La fête est finie, reste le bonheur…

Serge Latouche  • 28 janvier 2010 abonné·es

« Pourquoi prendrais-je soin de la postérité ? » , disait Marx (pas Karl, mais Groucho). « Est-ce que la postérité s’est préoccupée de moi ? » Effectivement, on peut penser que l’avenir ne vaut pas de se tracasser pour s’assurer qu’il advienne, et qu’il vaut mieux en finir au plus vite avec le pétrole et les ressources naturelles plutôt que de s’empoisonner l’existence en se rationnant. Ce point de vue est assez répandu chez les élites, et on le comprend, mais on le trouve aussi implicitement chez un grand nombre de nos contemporains. Ou bien, comme l’a écrit l’économiste Nicholas Georgescu-Roegen, l’un des premiers à avoir théorisé sur la décroissance : « Peut-être le destin de l’homme est-il d’avoir une vie brève mais fiévreuse, excitante et extravagante plutôt qu’une existence longue, végétative et monotone [^2]. » Certes, encore faudrait-il que la vie des modernes surconsommateurs soit vraiment excitante et que, a contrario, la sobriété soit incompatible avec le bonheur et même une certaine exubérance joyeuse.

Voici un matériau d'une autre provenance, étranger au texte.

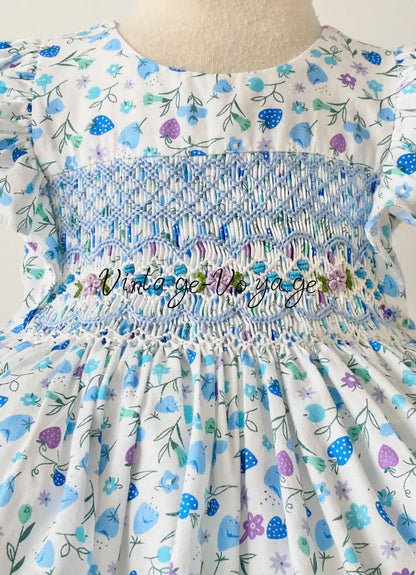 PRE-ORDER&GET NEXT WEEK! OLIVIA BLUE PRINT⚜️HAND-SMOCKED DRESS,🧵🪡KNICKERS BAG & HAIR BOWS🎀 Baby & Toddler Dresses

Et puis même… Comme le dit très bien Richard Heinberg : « Ce fut une fête formidable. La plupart d’entre nous, du moins ceux ayant vécu dans les pays industrialisés, n’ont pas connu la faim, ont apprécié l’eau chaude et froide au robinet, les machines à portée de main permettant de nous déplacer rapidement et pratiquement sans effort d’un endroit à l’autre, ou encore d’autres machines pour laver nos vêtements, nous divertir et nous informer, ainsi de suite. » Et alors ? Aujourd’hui que nous avons épuisé la dot patrimoniale, « devons-nous continuer à nous complaire jusqu’à la triste fin, et entraîner l’essentiel du reste du monde dans la chute ? Ou alors faut-il reconnaître que la fête est finie, nettoyer après nous et préparer les lieux pour ceux qui viendront ensuite [^3] ? »

On peut aussi justifier l’incurie du futur par toutes sortes de raisons pas forcément égoïstes. Si on pense, comme Schopenhauer, que la vie est une affaire qui ne couvre pas ses frais, c’est presque une forme d’altruisme que d’épargner à nos petits-enfants le mal de vivre.
La voie de la décroissance repose sur un postulat inverse partagé par la plupart des cultures non occidentales : pour mystérieuse qu’elle soit, la vie est un don merveilleux. Il est vrai que l’homme a la faculté de la transformer en un cadeau empoisonné et, depuis l’avènement du capitalisme, il ne s’en est pas privé. Dans ces conditions, la décroissance est un défi et un pari. Un défi aux croyances les mieux installées, parce que ce slogan constitue une insupportable provocation et un blasphème pour les adorateurs de la croissance. Un pari, parce que rien n’est moins sûr que la réalisation, pourtant nécessaire, du projet choisi d’une société autonome de sobriété. Toutefois, le défi mérite d’être relevé et le pari d’être tenté. La voie de la décroissance est celle de la résistance, mais aussi celle de la dissidence, face au rouleau compresseur de l’occidentalisation du monde et du totalitarisme rampant de la société de consommation mondialisée. Si les objecteurs de croissance prennent le maquis et, avec les Amérindiens, marchent sur le sentier de la guerre, ils explorent la construction d’une civilisation de sobriété choisie, alternative à l’impasse de la société de croissance. Ils opposent au terrorisme de la cosmocratie et de l’oligarchie politique et économique des moyens si possibles pacifiques : non-violence, désobéissance civile, défection, boycott et, bien sûr, les armes de la critique.

[^2]: La Décroissance, Nicholas Georgescu-Roegen, Sang de la terre, 2006, p. 149.

[^3]: Pétrole, la fête est finie ! Avenir des sociétés industrielles après le pic pétrolier, Richard Heinberg, Demi-Lune, « Résistances », 2008.